The government is strategizing a new round of Public Sector Bank (PSB) reforms, focusing on merging the five smallest banks and gradually diluting its ownership closer to 51%.
The government is considering a two-pronged strategy to further consolidate public sector banks (PSBs) – merging smaller lenders to create scale and gradually diluting its ownership closer to 51% to enable the banks to raise growth capital independently.
According to sources familiar with the discussions on the matter, this mix of consolidation and calibrated dilution of government’s stake is essential to build banks capable of funding the expanding credit needs of a fast-growing economy.
In the next consolidation cycle, the focus is expected to be on the five smallest PSBs by asset size, which may be merged with mid-sized banks to make them more comparable with the country’s larger state-run lenders. State Bank of India (SBI), that is already far ahead of other PSBs in terms of size and reach of operations after absorbing its associate banks, is unlikely to be part of the new round of consolidation.
Multiple merger combinations are under examination, though no specific banks have been identified yet, the sources said. The Union Budget 2026-27 is expected to offer policy direction on the future course of PSB reforms, they said.
Consolidation 2.0
Lessons from earlier consolidation exercises are shaping the current thinking. The previous mergers, particularly those executed in 2019-20, were far from smooth, marked by IT integration challenges, branch overlaps and staff rationalisation issues. In several cases, banks with similar regional footprints were merged, resulting in duplicated branch networks and employee redeployment problems.

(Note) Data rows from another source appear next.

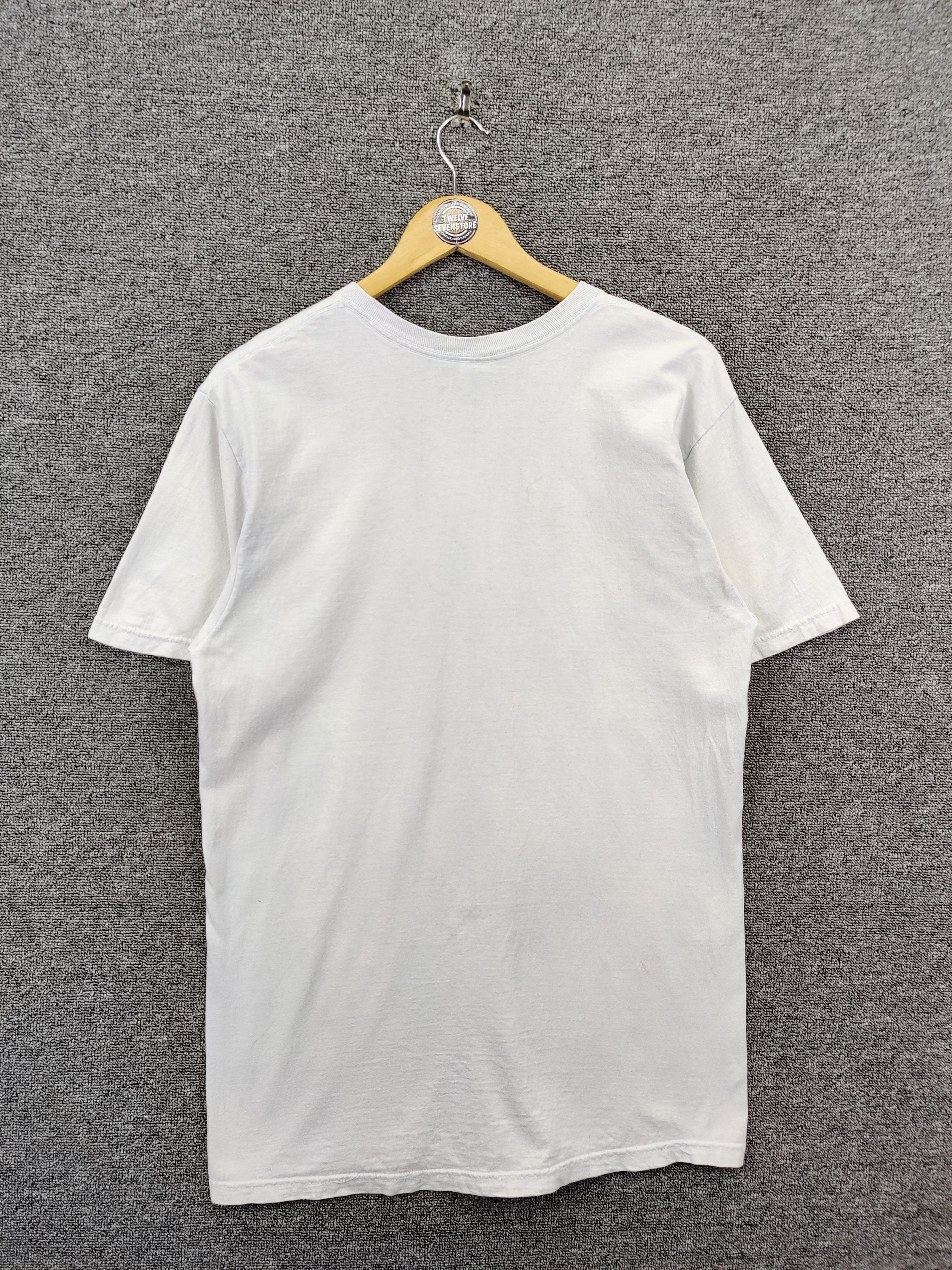 Band Tees Vintage Ride Rock Band Tee Tshirt Size US M / EU 48-50 / 2 - 6 Thumbnail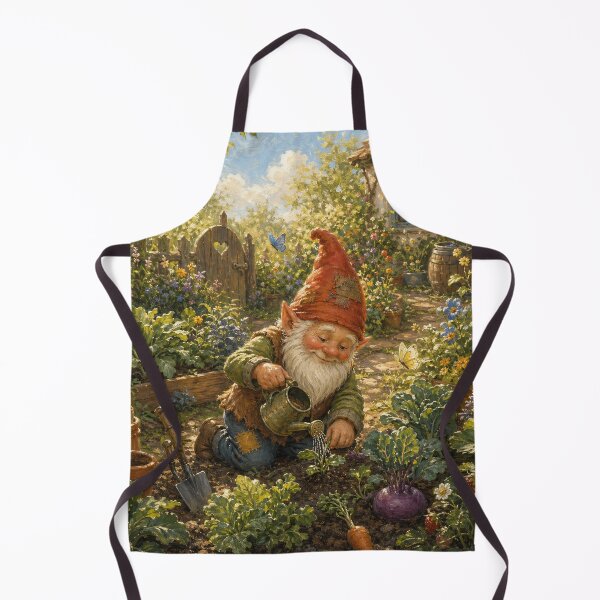 Item preview, Morning Keeper of the Little Garden designed and sold by Orchestraitor.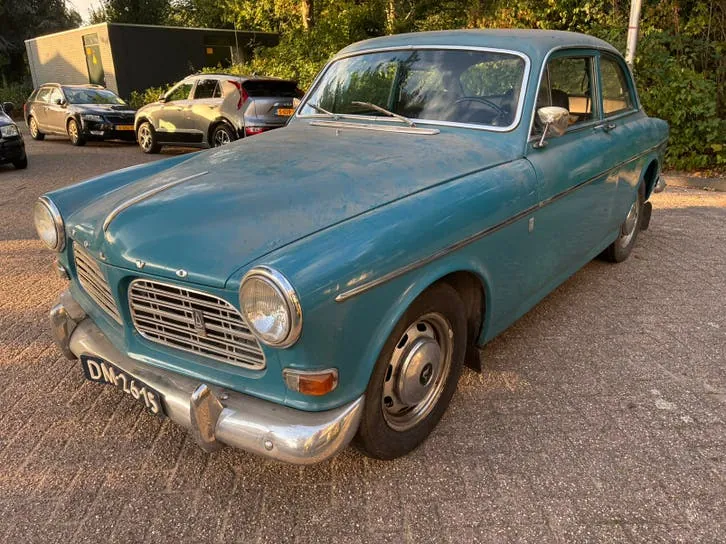 Volvo Amazon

Industry watchers argue that future mergers should be designed to avoid combining banks headquartered in the same region, thereby minimising operational disruption. The merger of Oriental Bank of Commerce with Punjab National Bank – both with a strong northern India presence – is often cited as an example of how overlapping geographies intensified integration challenges.
Attracting Capital
Alongside consolidation, officials believe reforms must address capital constraints faced by PSBs. One proposal gaining traction is to raise the foreign direct investment (FDI) limit in PSBs from the current 20% to as much as 49%, allowing these banks to tap long-term global capital. In contrast, private sector banks are permitted up to 74% foreign ownership.